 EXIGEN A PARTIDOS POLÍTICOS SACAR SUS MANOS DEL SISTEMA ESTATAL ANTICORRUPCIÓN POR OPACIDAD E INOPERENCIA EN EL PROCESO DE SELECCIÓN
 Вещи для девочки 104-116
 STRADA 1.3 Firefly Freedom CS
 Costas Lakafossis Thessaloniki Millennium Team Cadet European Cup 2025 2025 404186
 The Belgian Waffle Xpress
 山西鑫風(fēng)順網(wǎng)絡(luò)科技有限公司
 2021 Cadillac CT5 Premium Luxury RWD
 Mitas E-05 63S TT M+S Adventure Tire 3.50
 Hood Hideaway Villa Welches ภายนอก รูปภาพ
* * *
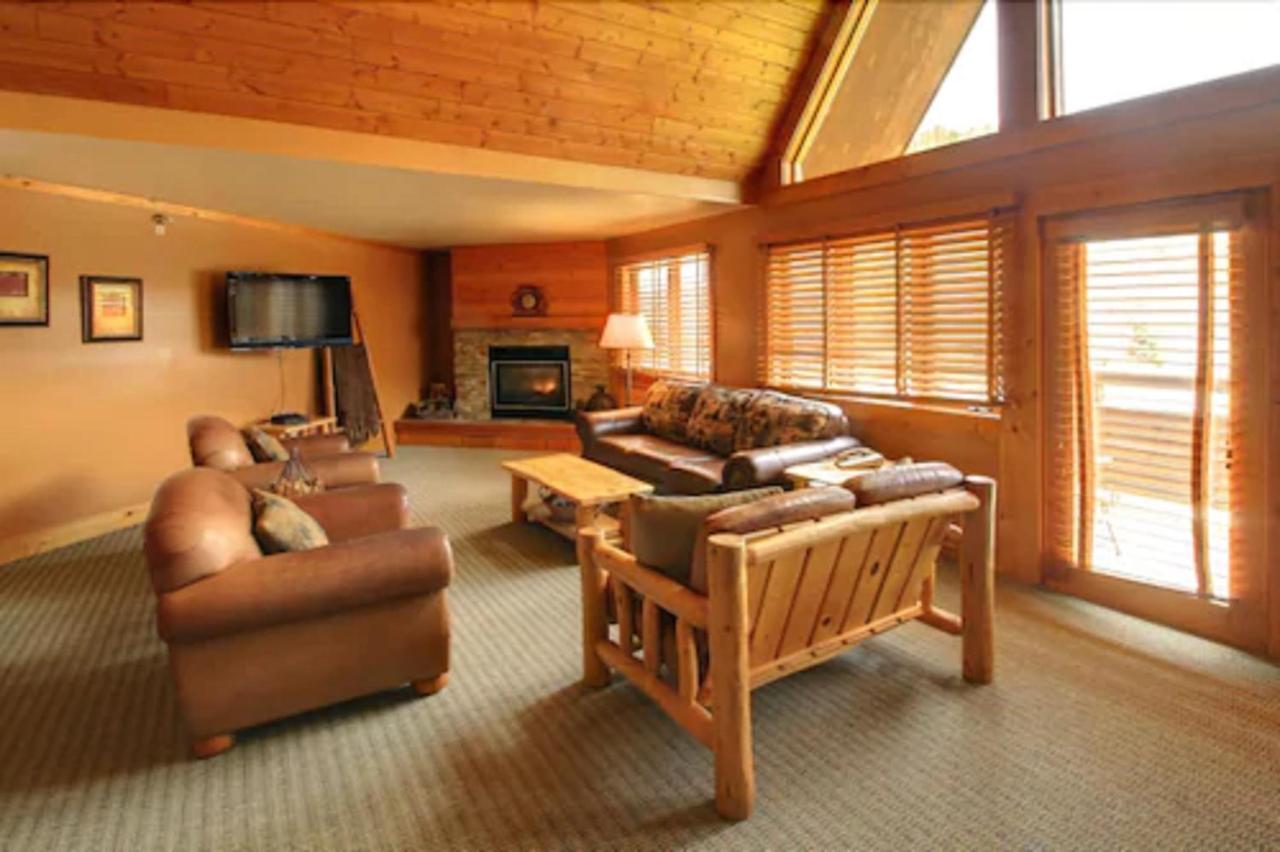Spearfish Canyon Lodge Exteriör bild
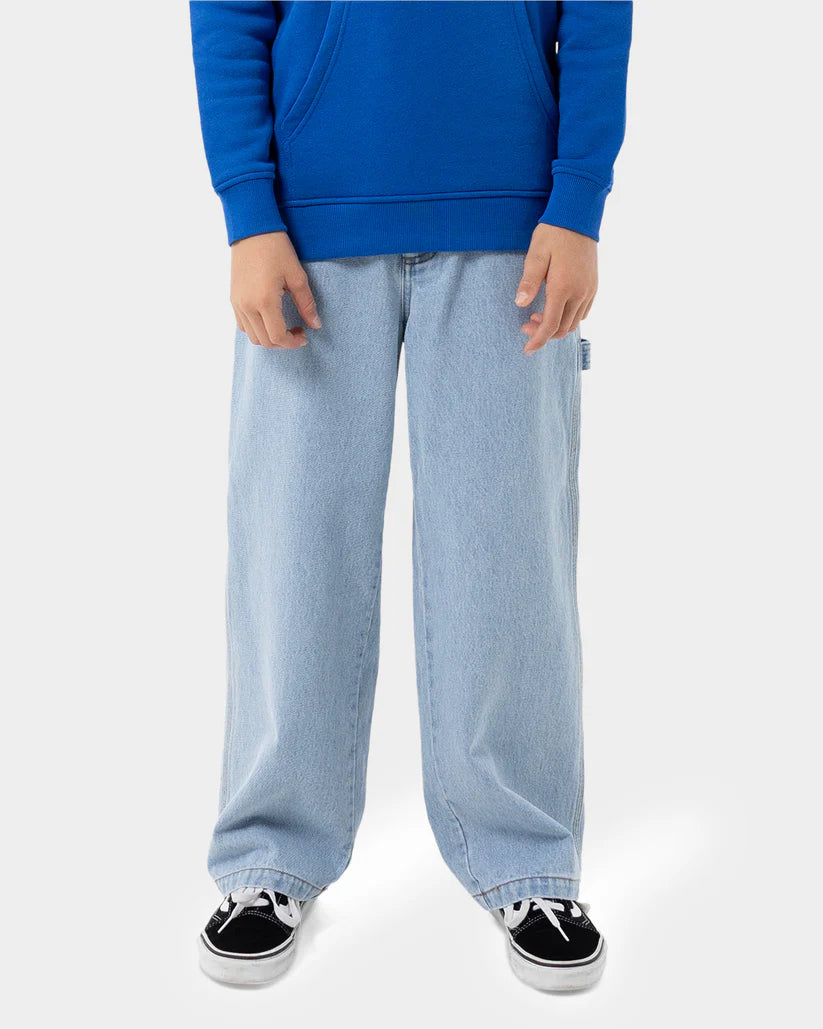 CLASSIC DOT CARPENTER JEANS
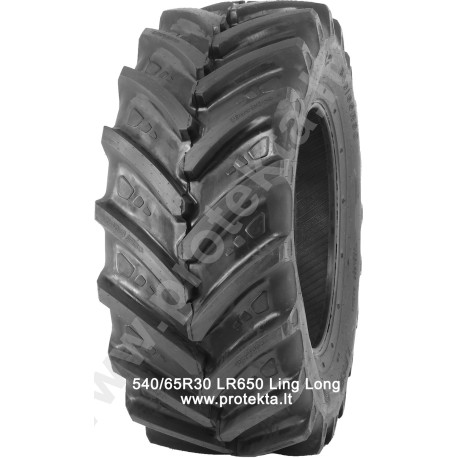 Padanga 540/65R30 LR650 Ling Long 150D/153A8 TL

- **Problem to solve**:
Scan the entries above for the line containing "2021 Cadillac CT5 Premium Luxury RWD", and copy it and all lines after it exactly, down to and including the line containing "Hood Hideaway Villa Welches ภายนอก รูปภาพ".

- **Answer space**:
 2021 Cadillac CT5 Premium Luxury RWD
 Mitas E-05 63S TT M+S Adventure Tire 3.50
 Hood Hideaway Villa Welches ภายนอก รูปภาพ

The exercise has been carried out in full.